The O(n) Club: Remove All Adjacent Duplicates in String — Now With 100% Less Regret Than Brute Force

The O(n) Club: Remove All Adjacent Duplicates in String — Now With 100% Less Regret Than Brute Force

⚡ TL;DR

Stuck deleting every pair of adjacent clones in a string? Scanning, cutting, and re-scanning is a one-way ticket to O(n²) sadness. Use a stack — or, for the fancy folks, a StringBuilder as a stack. Each char goes in; if it’s a twin, both bail. One pass, O(n), no infinite loop nightmares. See?

// Java stack-style, but cooler
StringBuilder sb = new StringBuilder();
for (char c : s.toCharArray()) {
    int len = sb.length();
    if (len > 0 && sb.charAt(len - 1) == c) {
        sb.deleteCharAt(len - 1);
    } else {
        sb.append(c);
    }
}
return sb.toString();

🧠 How Devs Usually Mess This Up

Common story: you walk in thinking one scan is enough. “Remove aa and I’m done, right?” Wrong. Removing a pair might create new pairs, like whack-a-mole for keyboard typos. If you try rescanning every time, enjoy your O(n²) runtime and existential dread. And no, k-group removals (that’s 1209, pal) are a totally different beast — here, “pair” literally means two. Don’t get greedy.

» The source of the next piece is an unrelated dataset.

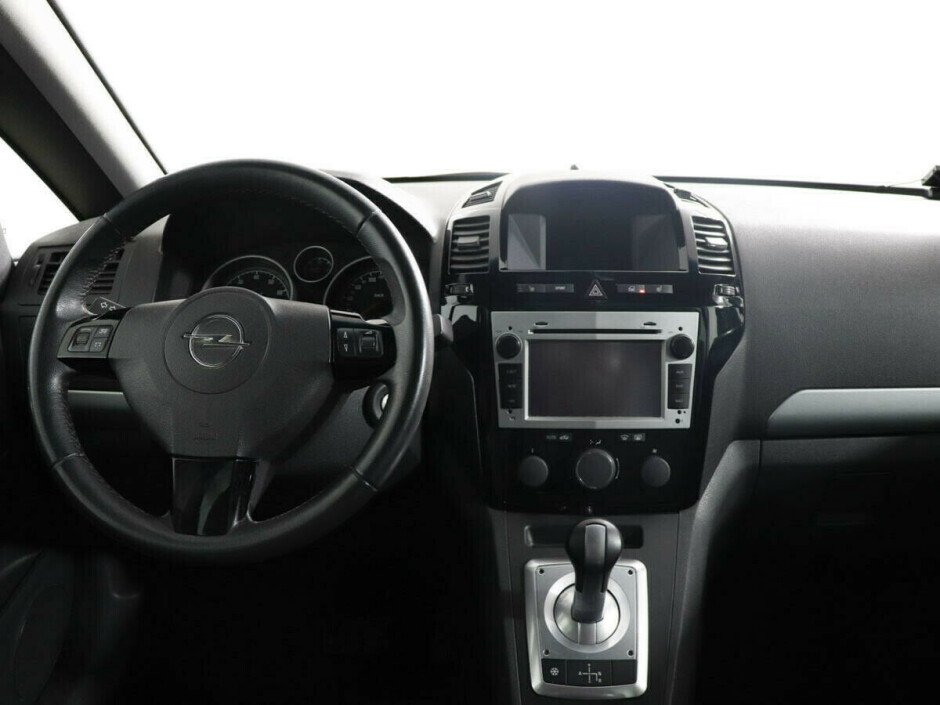 2012 Opel Zafira  №6397449, Серебряный металлик, 477000 рублей - вид 5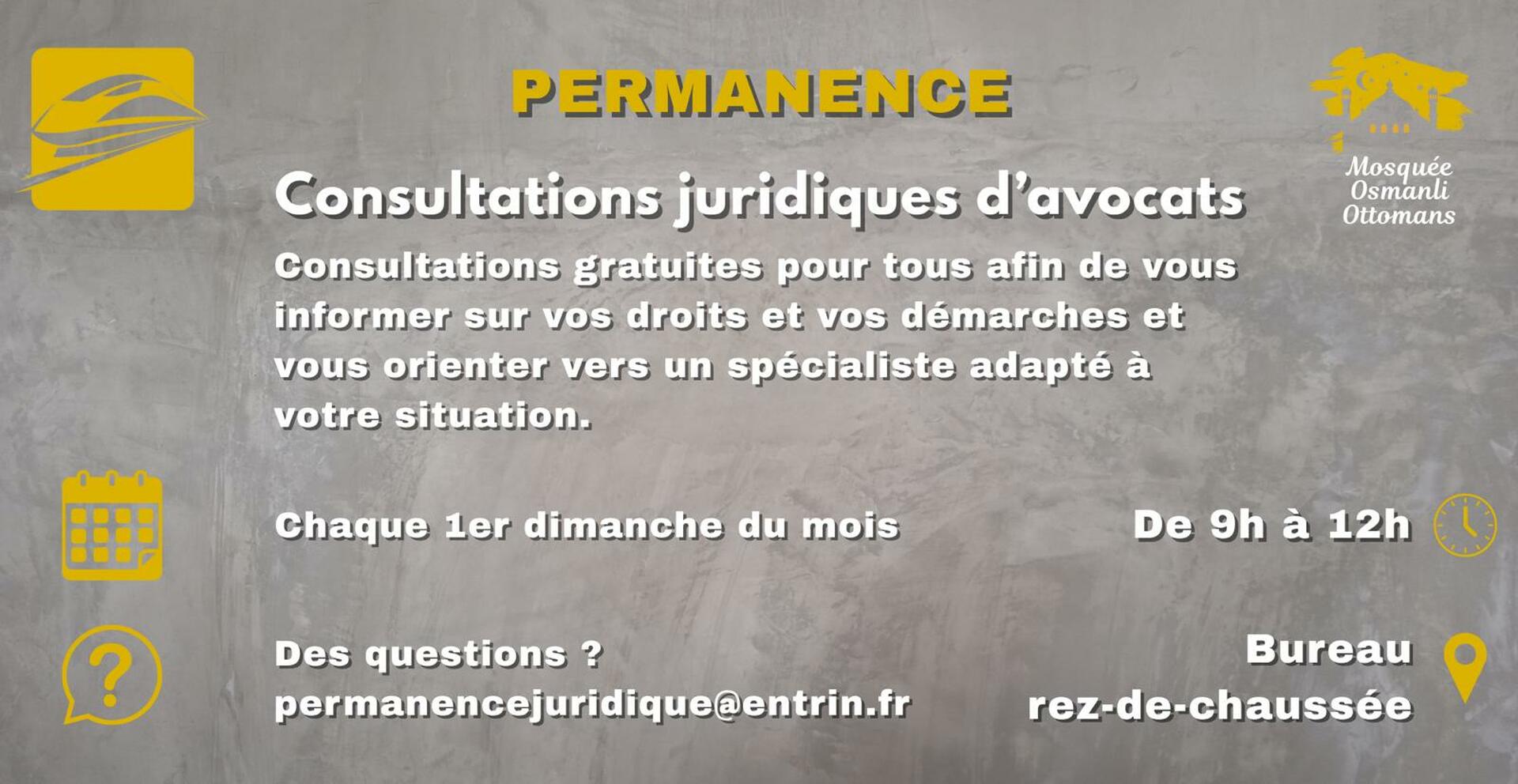 Juridique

🔍 What’s Actually Going On

This is a party—every character lines up at the velvet rope, the bouncer (your stack) checks if they look suspiciously familiar. If they’re identical to the previous guest, out they both go. If not, in they go. No reruns, no do-overs. By closing time? Only the characters with no adjacent twins are left hanging around. Thanks, Stack Security!

🛠️ PseudoCode

• Initialize your stack:
  StringBuilder sb = new StringBuilder();
  (No actual Stack class embarrassment required.)
• Loop through each character in the input:
  for (char c : s.toCharArray())
• If the last character on the stack matches the current, remove it:
  if (sb.length() > 0 && sb.charAt(sb.length() - 1) == c)
• If not, add this character to the stack:
  else sb.append(c);
• At the end, convert the stack to a string and return:
  return sb.toString();

💻 The Code

public String removeDuplicates(String s) {
    StringBuilder sb = new StringBuilder();
    for (char c : s.toCharArray()) {
        int len = sb.length();
        if (len > 0 && sb.charAt(len - 1) == c) {
            sb.deleteCharAt(len - 1);
        } else {
            sb.append(c);
        }
    }
    return sb.toString();
}

⚠️ Pitfalls, Traps & Runtime Smacks

• “balllloon”: New pairs can pop up after you remove one, so don’t expect to finish in one pass if you go brute force.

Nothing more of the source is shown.